Overview

In this project I will investigate the distribution of the mean of exponentials in R and compare it with the Central Limit Theorem in the following aspects:

The Central Limit Theorem

Simulations

In probability theory and statistics, the exponential distribution is the probability distribution that describes the time between events in a Poisson process, i.e. a process in which events occur continuously and independently at a constant average rate.

The probability density function is \[ f(x, \lambda) = \left\{\begin{array}{ll} \lambda e ^ {-\lambda x} & x >= 0 \\ 0 & x < 0 \end{array} \right. \]

The mean of an exponentially distributed random variable \(X\) with the rate parameter \(\lambda\) is given by \[ E[X] = \frac{1}{\lambda} \]

The variance of \(X\) is given by \[ VAR[X] = \frac{1}{\lambda^2} \]

so the standard deviation is also \(\frac{1}{\lambda}\).

Set \(\lambda\) = 0.2 for all of the simulations.

The following plot simiulates the 1000 distributions of the mean of 40 exponentials with \(\lambda\) = 0.2.

set.seed(643)
nosim <- 1000
n <- 40
lambda <- 0.2
mns = NULL
for (i in 1 : nosim) mns = c(mns, mean(rexp(n, lambda)))
hist(mns, main="1000 Similations of the mean of 40 exponential distributions", density=10, xlab="lambda=0.2", breaks=20)

Sample Mean versus Theoretical Mean

The mean of exponential distribution with \(\lambda\) = 0.2 is \[ E[X] = \frac{1}{\lambda} = \frac{1}{0.2} = 5 \]

The sample mean is

mean(mns)
## [1] 4.991655

In the following plot the blue line is the theoretical mean and the red dash line is the sample mean from the simulation. They are almost overlapping.

library(ggplot2)
g <- ggplot() + aes(mns) + geom_histogram(binwidth = .2, colour = "darkgreen", fill = "white" ) 
g <- g + scale_x_continuous(breaks = 2:8)
g <- g + geom_vline(xintercept = 5, colour = "blue", size = 1) 
g <- g + geom_vline(xintercept = mean(mns), colour = "red", size = 1, linetype = "longdash")  
g <- g + labs(x = "X", y = "Density", title = "1000 Similations of the mean of 40 exponential distributions")
g

Sample Variance versus Theoretical Variance

The expected variance of \(X\) is given by \[ VAR[X] = \frac{1}{\lambda ^ 2} = \frac{1}{0.2^2} = 25 \]

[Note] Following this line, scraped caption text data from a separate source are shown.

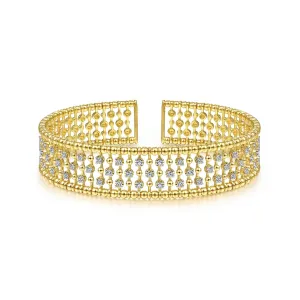14K Yellow Gold Diamond Beaded Open Bangle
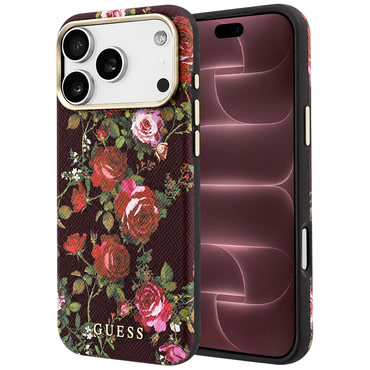Ovitek Guess "Blossom Roses Print MagSafe" za iPhone 17 Pro Max / 18 Pro Max - burgundy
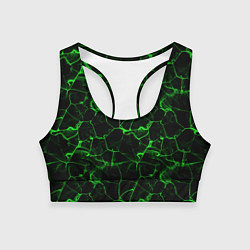 Топик спортивный женский Разломы зеленого пламени, цвет: 3D-принт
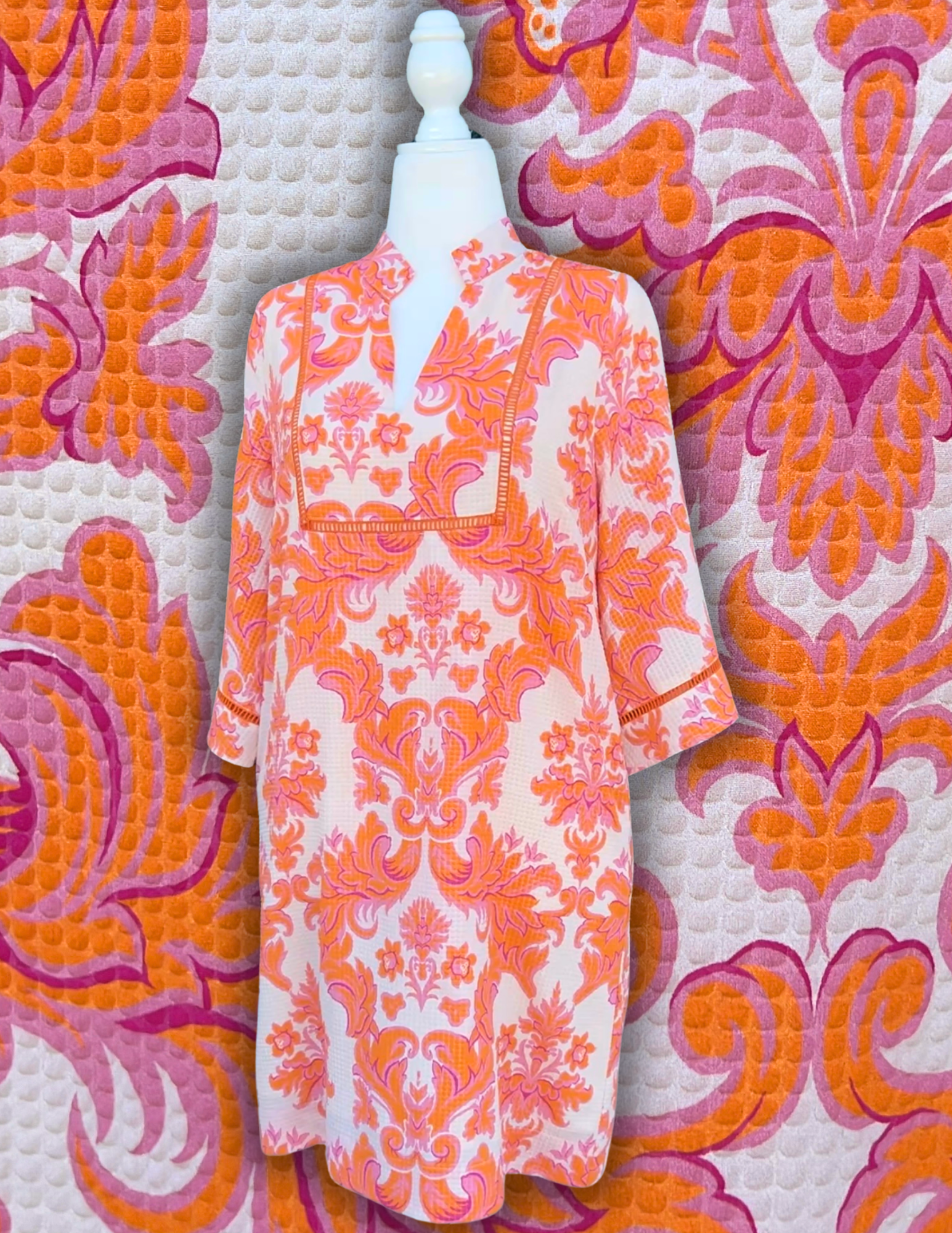 open lace back dress A Bright Two-Tone Pink and Orange Maxi Dress main image 0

Standard Error of the mean with sample size of 40 is \[ SE = \sqrt \frac{VAR[X]}{n} = \sqrt \frac{25}{40} = 0.791 \]

The Theoretical Variance is \[ SE ^ 2 = 0.625 \]

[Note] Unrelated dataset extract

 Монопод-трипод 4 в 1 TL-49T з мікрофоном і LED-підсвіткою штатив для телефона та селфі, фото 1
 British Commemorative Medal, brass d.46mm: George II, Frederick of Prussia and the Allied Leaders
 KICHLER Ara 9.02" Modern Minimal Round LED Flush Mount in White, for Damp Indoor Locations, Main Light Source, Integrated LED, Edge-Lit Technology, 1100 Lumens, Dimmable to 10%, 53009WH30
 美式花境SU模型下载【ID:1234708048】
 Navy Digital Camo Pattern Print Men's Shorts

The sample variance of the mean is

var(mns)
## [1] 0.6237204

The sample variance of the mean is very close to the theoretical variance.

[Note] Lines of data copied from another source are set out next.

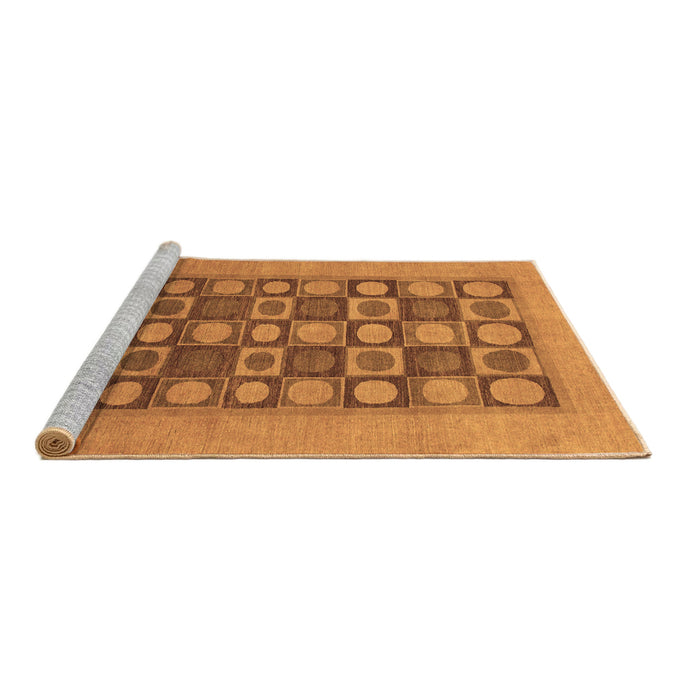 Sideview of Machine Washable Checkered Brown Modern Rug, wshabs1499brn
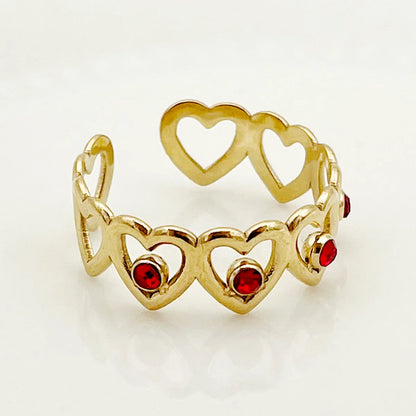 Wholesale Jewelry Casual Korean Style IG Style Heart Shape 304 Stainless Steel Zircon 14K Gold Plated Plating Hollow Out Inlay Open Rings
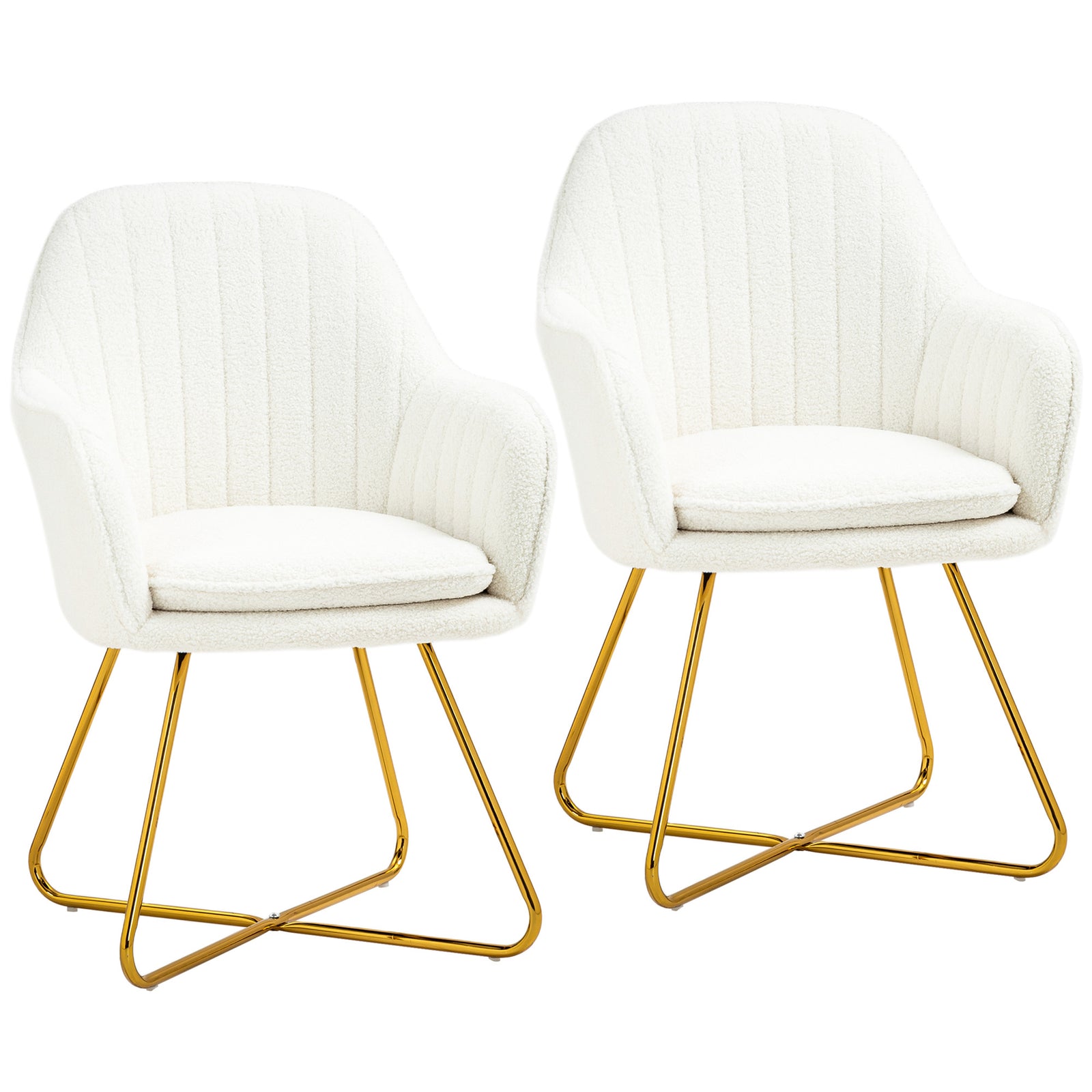 Accent Chair Set Of 2, Cashmere, Steel Legs, White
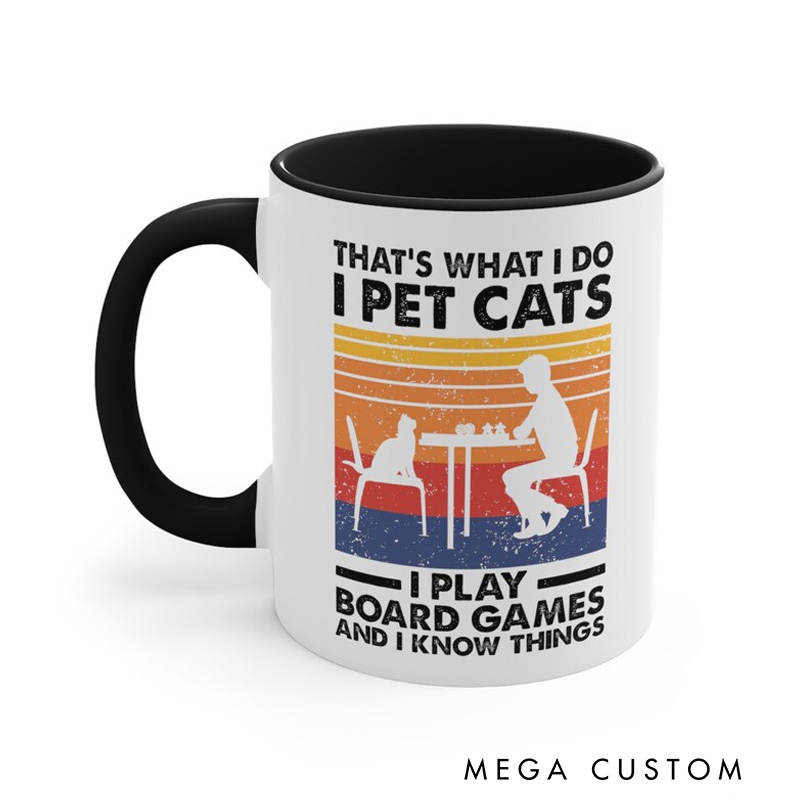 Personalized Board Game Enthusiast's Cat Lover Mug Board Game Mug Game Night Geek Gamer Gift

Distribution versus normal distribution

The following plot compares the normal distribution in blue line with the density of the simulated distribution in red line. The approximation is not exact but let us see in the next section if we can improve with larger sample size.

library(ggplot2)
g <- ggplot() + aes(mns) + geom_histogram(aes(y =..density..), binwidth=.2, colour = "darkgreen", fill = "white" ) 
g <- g + scale_x_continuous(breaks = 2:8)
g <- g + stat_function(fun = dnorm, colour = "blue", arg = list(mean = 5)) + geom_density(colour = "red")
g <- g + labs(x = "Mean", y = "Density", title = "1000 Similations of the mean of 40 exponential distributions")
g

Exponential distribution CLT

Simulation results, \(n = 40, 80, 120\)

The following plot compares the distribution using sample sizes of 40, 80 and 120. The distribution becomes that of a standard normal as the sample size increases.

set.seed(643)
nosim <- 1000
lambda <- 0.2
cfunc <- function(x, n)  (mean(x) - 5) * lambda * sqrt(n)
dat <- data.frame(
  x = c(apply(matrix(rexp(nosim * 40, lambda), nosim), 1, cfunc, 40),
        apply(matrix(rexp(nosim * 80, lambda), nosim), 1, cfunc, 80),
        apply(matrix(rexp(nosim * 120, lambda), nosim), 1, cfunc, 120)
        ),
  size = factor(rep(c(40, 80, 120), rep(nosim, 3))))
g <- ggplot(dat, aes(x = x, fill = size)) + geom_histogram(binwidth=.3, colour = "black", aes(y = ..density..)) + scale_fill_brewer(palette="Spectral")
g <- g + stat_function(fun = dnorm, size = 2)
g + facet_grid(. ~ size)

Summary

In the report I investigated the distribution of averages of 40 exponentials. Results shows that the sample mean closely matches the theoretical mean. The sample variance of the mean is also estimated quite accurately by the theoretical variance. The distribution of the sample mean approximated by the normal distribution, especially when the sample size increases.